À titre d’exemple, l’adressage subcellulaire et la régulation locale de l’activité du complexe PI3K (malgré l’identification de protéines clés de l’autophagie telles que VPS34, Beclin-1, ATG14L, VMP1 [vacuole membrane protein 1], Ambra1 [autophagy/beclin-1 regulator 1], etc.), voire la synthèse localisée de PI3P, soulèvent encore des interrogations notamment dans sa capacité à agir en parallèle de son implication au niveau de l’endosome précoce, où le PI3P joue un rôle majeur dans la dynamique membranaire liée au transport endosomal (Figure 2).

Un autre point d’interrogation important concerne directement la transition, et la possible continuité physique, entre l’omégasome (structure liée au RE) et le phagophore, cette transition ne pouvant pas s’expliquer par un simple échange (par protrusion, bourgeonnement et/ou tubulation) de membranes (Figure 1)  : les données récentes [7, 17] sur la participation de lipides membranaires ou de membranes provenant d’autres organites (comme les mitochondries, les sites de contact entre RE et mitochondries, les gouttelettes lipidiques, l’appareil de Golgi, les vésicules golgiennes, les endosomes et la membrane plasmique), soulèvent ainsi l’hypothèse de contributeurs multiples et de leur coordination spatio-temporelle pour permettre la mise en place de la structure si particulière qu’est le phagophore.
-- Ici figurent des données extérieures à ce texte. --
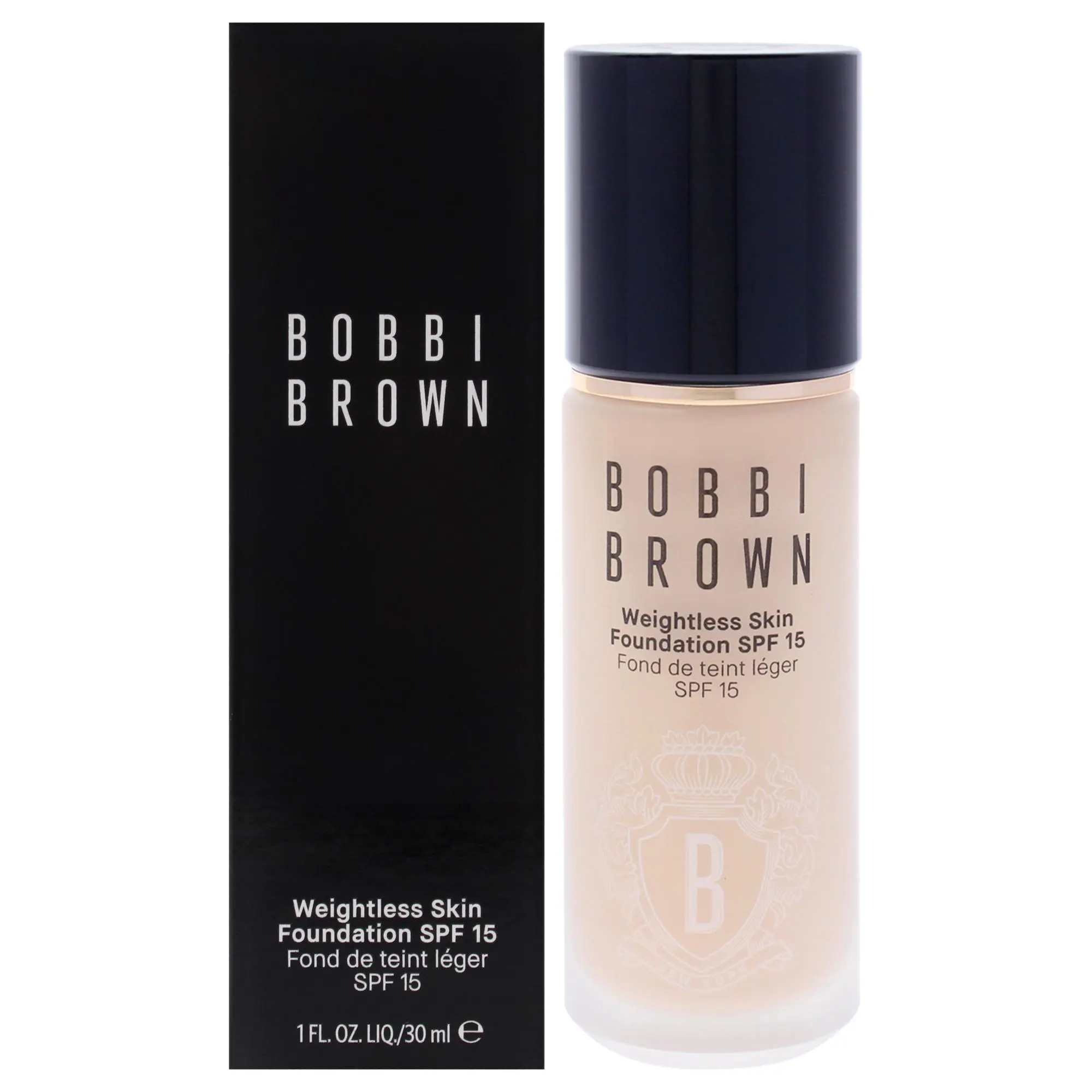 Bobbi Brown Women's Weightless Flawless Radiant Coverage Daily Makeup Foundation SPF 15 - N-000 Neutral Alabaster, 1 oz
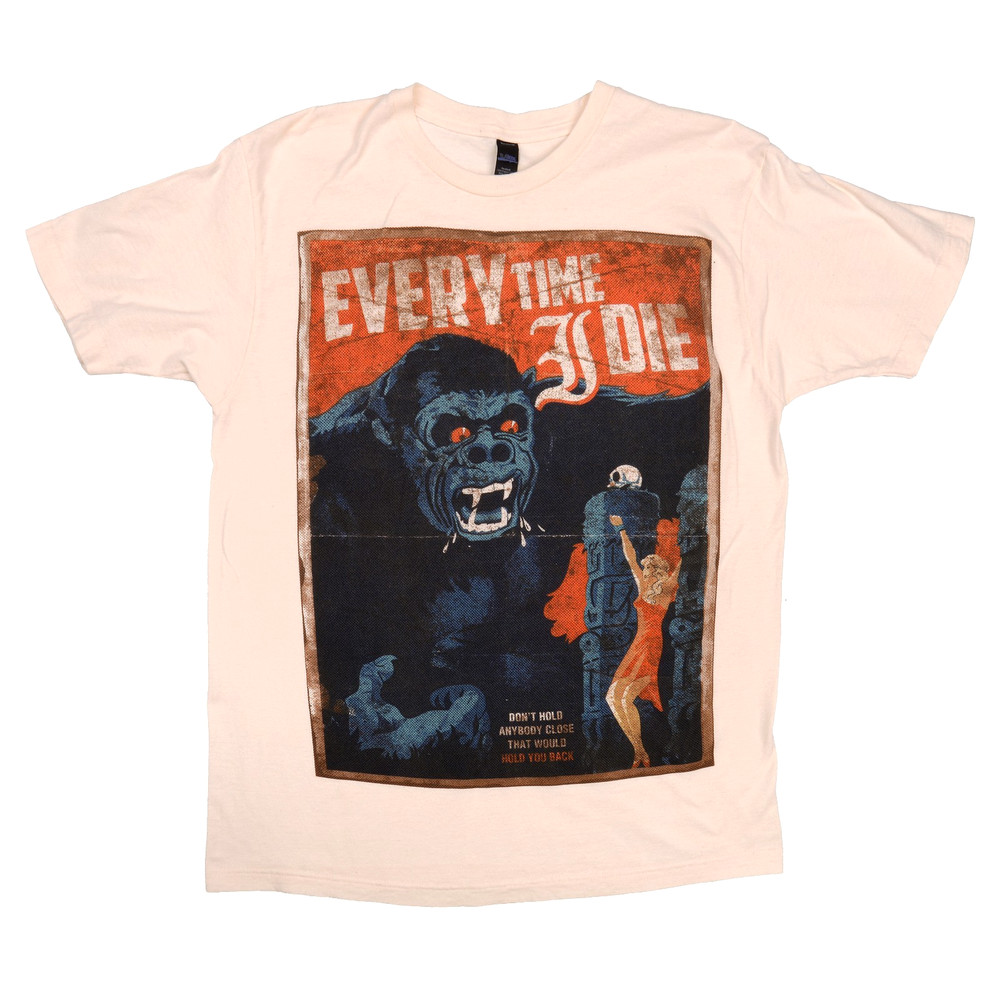Every Time I Die King Kong Poster Cheap Ludes T-Shirt Men’s Size Large Tee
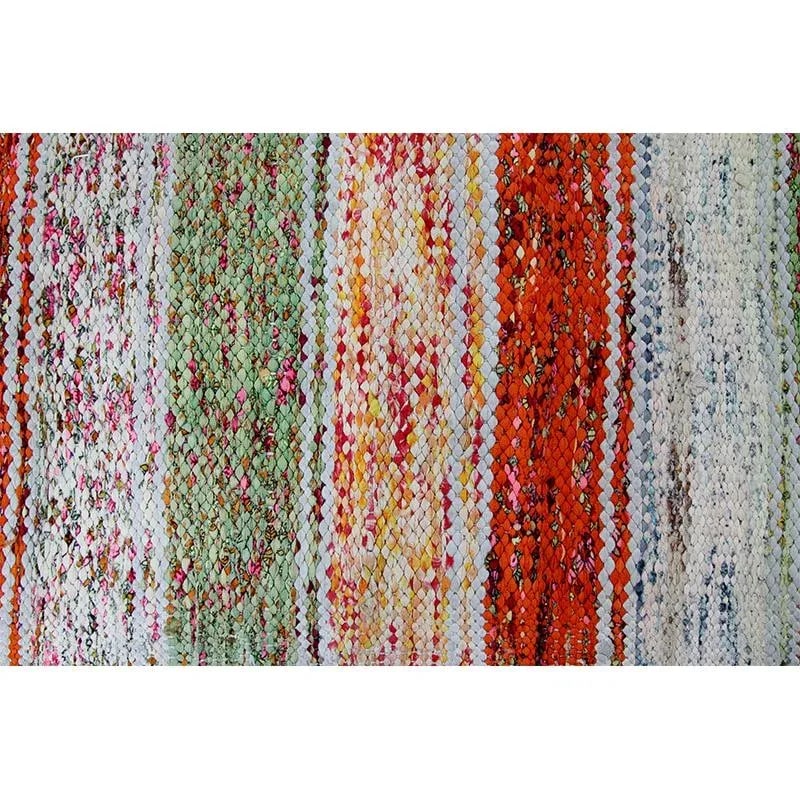 Mid-Century Cotton Scandinavian Style Kilim Rug - 5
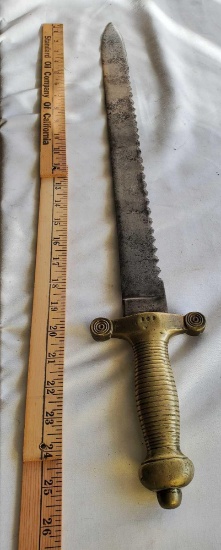 SWISS PRUSSIAN MODEL 1842 SAWBACK SWORD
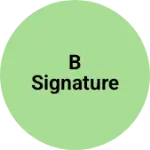 Business logo of B signature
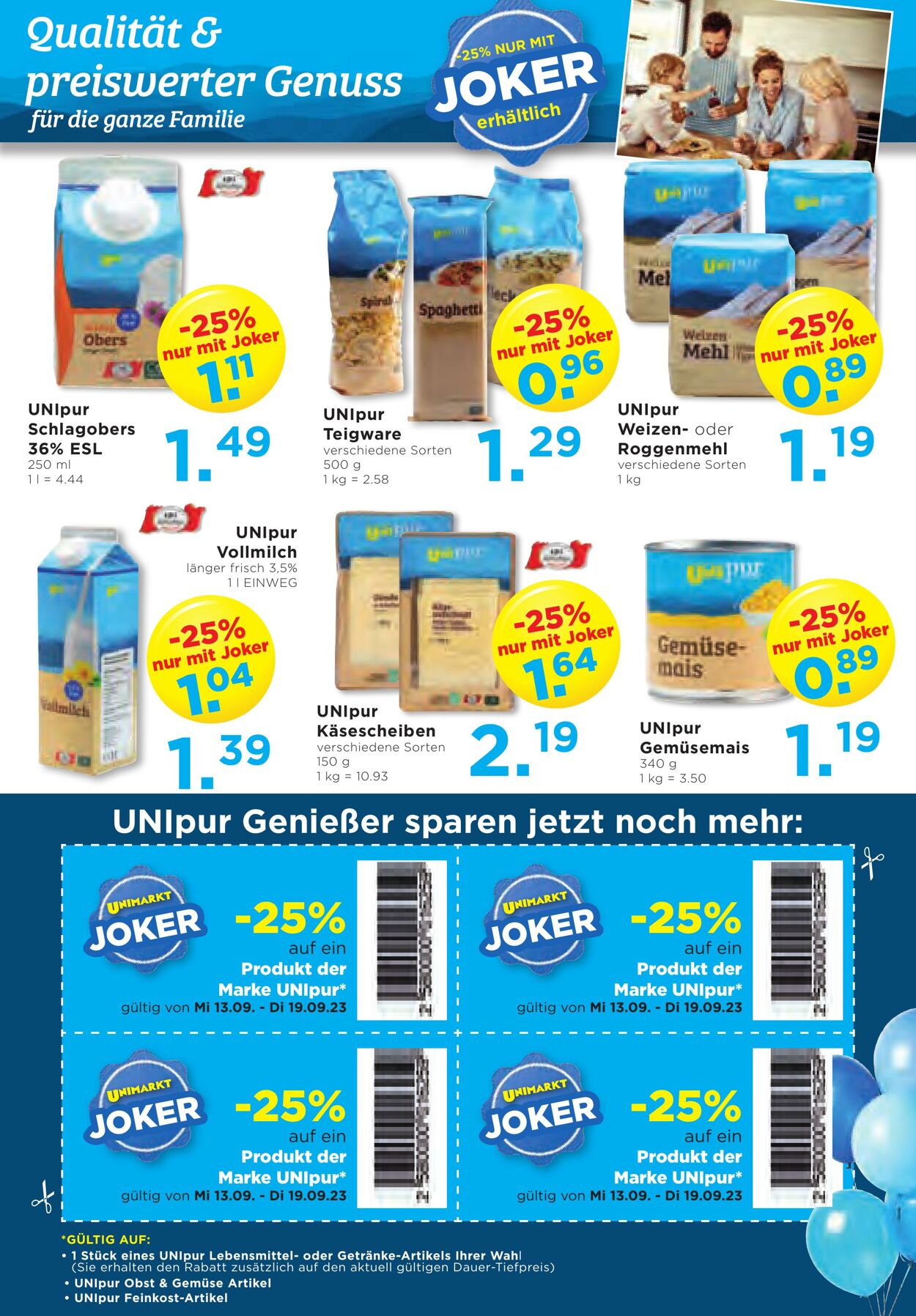 Prospekt Unimarkt 13.09.2023 - 19.09.2023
Au niveau biophysique, les questions de fusion puis de maturation de membranes issues d’origines différentes ou, à l’inverse, la possibilité de formation de membranes de novo à partir de transport non-vésiculaire localisé sont des pistes particulièrement intéressantes (Figure 1).

Enfin, de nombreuses études, issues de contextes biologiques différents, démontrent clairement que l’autophagie, ou, pour être plus précis, la machinerie autophagique, pouvait, d’une part, participer à d’autres fonctions intracellulaires en parallèle d’une dégradation lysosomale ciblée, comme le transport intracellulaire et la sécrétion, et, d’autre part, déclencher des réponses autophagiques à l’aide d’un nombre limité de protéines ATG, soulevant ainsi la notion d’autophagie non-canonique. Ces différentes avancées démontrent ainsi l’importance d’étudier en détail, et de façon intégrée, les étapes de trafic, de remodelages et d’échanges membranaires liées à la réponse autophagique afin de mieux comprendre comment la cellule mobilise son appareillage endomembranaire pour fabriquer l’autophagosome et lui donner les outils moléculaires lui permettant d’accomplir, au bon endroit et au bon moment, sa fonction de protection cellulaire contre les différents types de stress.

Liens d’intérêt

L’auteur déclare n’avoir aucun lien d’intérêt concernant les données publiées dans cet article.